プロジェクトの中島武理事は、「必ずしも元の教室に戻らなくていい。不登校の生徒に楽しい教材を与えてあげたい。友人と切磋琢磨することで学力・社会性ともに成長させてあげて、自己肯定感を持てるようにしてあげたい」と話す。

「保護者から200~300件の問い合わせが来ている」

プロジェクトは、講師による映像授業やVRを用いた職業体験などの在宅学習サービスを提供する。オンラインには全国の生徒が所属する「クラス」があり、担任もいる。また、公民館や民間の学習塾を利用した、リアルの場も設ける予定だ。

この仕組自体は、角川ドワンゴ学園の「N高等学校」に近い。実際、中島理事は「N高」の設立メンバーでもあり、「N高に不登校の小中学生の親から相談が来ていたのが、クラスジャパンプロジェクトのきっかけになった」という。

同プロジェクトでは、自治体と協定を結び、学校を通して不登校児の保護者から希望を募る。提携している自治体が不登校対策の予算から費用を支払うため、家庭は授業料を負担する必要がない。

文科省は2005年、不登校の生徒への対応として、学外でIT等を活用して学習した場合には出席扱いにしたり、成果を評価に反映したりするよう求める通知を出している。しかし学外での学習を提供する事業者が限られているのが現状だ。同プロジェクトには、その穴を埋めるという意義がある。

「中学で不登校になってしまうと出席日数が足りない、内申書の成績が悪いといった理由で高校に進学しづらくなってしまいます。すると、そのままひきこもりになったり、働けなくなったりしてしまうんです。私たちは小中学校と提携していますので、オンラインでの学習を成績や出席日数として反映させることが可能です」(中島理事)

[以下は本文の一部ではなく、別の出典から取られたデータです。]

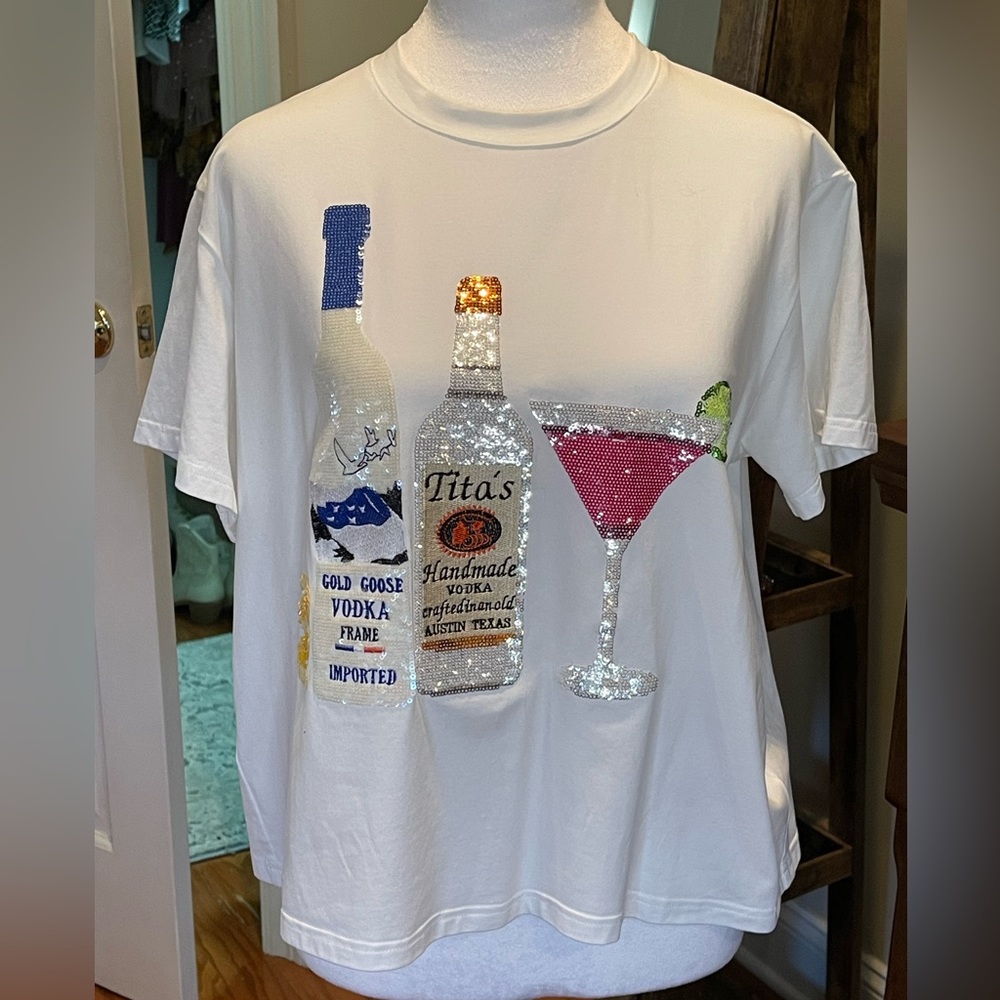 QUEEN OF SPARKLES Vodka tshirt, size small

今年2月に発足して以降、「保護者から200~300件の問い合わせが来ている」という。今後、提携する自治体を増やしていく予定だ。

「これまでフリースクールには学校を否定し、学校と対峙する傾向があった」

3月上旬頃、サイトに掲載されていた「(不登校の生徒を)通学していた学校に戻す」というミッションがネットで批判を浴びた。中島理事は「元々通っていた学校の教室に戻ることだけを指しているわけではありません」と説明する。

「なるべく早くプロジェクトをスタートさせたいという思いから、一言一句検討せずに公開してしまいました。必ずしも元の教室に戻らなくてもいいので、元の教室に戻れるくらいの学力と社会性を身に付けてほしい。社会性を身に付けるトレーニングの場としてリアルの場を提供する予定です」

既存の学校に対する疑いがない、という批判もあったが、「これまでフリースクールには学校を否定し、学校と対峙する傾向がありました。しかし学校と提携しなければ、成績や出席日数に反映させ、進路を選べるようにしてあげられないのです」という。

プロジェクトと協定を結んだ島根県益田市の教育委員会・担当者は、提携の経緯について「理事の山本了輔さんが益田で『志塾』というフリースクールを運営しているご縁でお話を頂きました。自宅から出られない生徒さんのいるご家庭と事業をつないでいきたい」と話す。

プロジェクトへの批判については「言葉が不適切だったと聞いています。私達は『生きていくスキルを身に付けていく』ことが目標なのだと理解しています」という。この4月から保護者向けの説明を開始する予定だ。